We’ve seen Forest Whitaker do this on one of the best shows on television, “The Shield.”
As an internal affairs lieutenant whose methods are just as unorthodox as those of the rogue detective squad he’s investigating, Whitaker has been mesmerizing in his volatility. He can sidle on up to you as the sweetest, gentlest giant one minute, then fly into a vicious rage the next. He makes both sides of this complicated figure feel frighteningly real.
And so on the big screen, his emotional depth and range are even more stunning in one of the year’s best movies, “The Last King of Scotland.”

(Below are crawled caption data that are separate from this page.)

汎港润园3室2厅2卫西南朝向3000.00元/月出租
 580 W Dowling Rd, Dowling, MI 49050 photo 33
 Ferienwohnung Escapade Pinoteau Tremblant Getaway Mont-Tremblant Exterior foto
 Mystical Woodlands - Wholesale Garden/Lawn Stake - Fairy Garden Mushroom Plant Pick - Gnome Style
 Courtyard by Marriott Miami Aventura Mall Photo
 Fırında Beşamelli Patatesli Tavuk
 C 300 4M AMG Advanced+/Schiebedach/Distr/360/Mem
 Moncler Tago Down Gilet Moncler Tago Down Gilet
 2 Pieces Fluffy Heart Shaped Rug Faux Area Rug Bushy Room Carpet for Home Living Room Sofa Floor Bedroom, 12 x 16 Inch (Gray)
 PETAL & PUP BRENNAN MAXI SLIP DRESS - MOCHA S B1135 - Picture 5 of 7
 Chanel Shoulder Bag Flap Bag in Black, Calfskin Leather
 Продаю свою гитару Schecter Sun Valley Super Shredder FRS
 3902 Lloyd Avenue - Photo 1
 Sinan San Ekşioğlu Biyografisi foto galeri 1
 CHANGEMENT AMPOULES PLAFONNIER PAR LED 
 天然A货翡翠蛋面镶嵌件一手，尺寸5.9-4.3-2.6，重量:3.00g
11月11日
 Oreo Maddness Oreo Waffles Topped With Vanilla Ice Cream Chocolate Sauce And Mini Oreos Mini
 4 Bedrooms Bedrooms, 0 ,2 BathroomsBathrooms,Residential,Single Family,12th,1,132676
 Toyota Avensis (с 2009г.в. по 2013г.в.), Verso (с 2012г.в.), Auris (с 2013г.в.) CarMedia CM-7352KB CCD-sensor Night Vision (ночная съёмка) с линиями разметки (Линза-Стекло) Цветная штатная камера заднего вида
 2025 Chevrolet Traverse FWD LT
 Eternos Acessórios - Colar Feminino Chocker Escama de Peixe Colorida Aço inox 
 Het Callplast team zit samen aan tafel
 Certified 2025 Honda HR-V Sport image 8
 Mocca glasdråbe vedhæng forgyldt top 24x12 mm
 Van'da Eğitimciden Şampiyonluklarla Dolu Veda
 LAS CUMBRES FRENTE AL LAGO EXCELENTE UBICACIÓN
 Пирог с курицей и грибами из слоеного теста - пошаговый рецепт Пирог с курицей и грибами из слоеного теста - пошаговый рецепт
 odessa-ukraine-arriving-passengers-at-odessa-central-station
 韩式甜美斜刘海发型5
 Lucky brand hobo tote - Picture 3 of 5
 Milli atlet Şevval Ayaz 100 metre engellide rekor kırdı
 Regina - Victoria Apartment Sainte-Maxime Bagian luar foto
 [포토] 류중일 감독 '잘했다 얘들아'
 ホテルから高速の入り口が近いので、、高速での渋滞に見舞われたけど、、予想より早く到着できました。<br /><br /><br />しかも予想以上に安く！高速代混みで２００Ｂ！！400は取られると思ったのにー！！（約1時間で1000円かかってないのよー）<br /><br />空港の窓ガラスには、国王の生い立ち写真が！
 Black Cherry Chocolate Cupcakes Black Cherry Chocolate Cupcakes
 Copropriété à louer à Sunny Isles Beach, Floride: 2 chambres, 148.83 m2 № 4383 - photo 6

This is not hyperbole. This is how good Whitaker is: He actually makes you feel sorry for Idi Amin.
The suggestion already has been duly bandied about so we may as well acknowledge it here, as well: His performance is nothing short of Oscar-worthy.
Under the direction of Kevin Macdonald (“Touching the Void”), making his feature debut, Whitaker gets plenty of room to demonstrate the vastly contradictory facets of the larger-than-life Ugandan dictator.
Macdonald uses many of the same technical tactics from his documentary background, making you feel as if you are there, showing you how easy it might have been to be seduced by this charismatic character who also happened to be a cold-blooded killer.
Functioning as our guide through this shadowy world is James McAvoy, starring as Nick Garrigan, a young Scottish doctor who becomes Amin’s personal physician, then his captive adviser. But Macdonald and screenwriters Jeremy Brock, Peter Morgan and Joe Penhall, working from Giles Foden’s novel, don’t just depict Nick as the innocent in this fictionalized tale.
When he lands in the African nation fresh out of medical school — and just as President Obete is being overthrown in a coup — his intentions initially seem altruistic. One look around the waiting room, packed with poor families and echoing with the din of crying babies, shows him he has his work cut out for him — and the look on his face is one of many examples of Macdonald allowing an actor to speak volumes with just a subtle glance.
But then Nick’s advances toward a married colleague (Gillian Anderson, doing a perfect British accent) reveal the first glimmers of a darker side. And when he meets Amin during a roadside confrontation, he captures the dictator’s attention by proving he can match him in confidence.
It doesn’t take long for Amin to persuade Nick to abandon his mission and come work for him. And who could blame him? Life at the palace is good, a non-stop orgy of women and drink, a celebration of wretched excess with Amin as its charming, generous host. It would be hard for anyone to turn that down.
The proximity to power becomes intoxicating, but Nick also gets close enough to Amin to see his weaknesses, his insecurities, his paranoia — and at times become the victim of them. The man who ultimately would be responsible for the deaths of 300,000 Ugandans in the 1970s often comes off as nothing more than an overgrown child, throwing a tantrum when he doesn’t get what he wants.
Whitaker vividly shows us this element of Amin’s personality, as well, as he trembles and sweats in his ornate bedroom, his eyes bulging with fear. It’s a far cry from the man who’s arrogant enough to claim he knows exactly when he’s going to die, and how.
Soon Nick is giving Amin advice on more that just his health, but on policy and media manipulation. He likes that, too — and he likes Amin’s beautiful third wife (Kerry Washington), though their secret relationship will provide some plot twists that make “The Last King of Scotland” a little too implausible as it reaches its harrowing conclusion.
That’s the main sensation that you’ll have walking out of the film — that you witnessed something harrowing. And sexy and thrilling and even fun. But mostly it’s just scary as hell, with a hell of a performance from an actor who, despite excellent work in films like “Bird” and “Ghost Dog: The Way of the Samurai,” has too long been overlooked. Until now.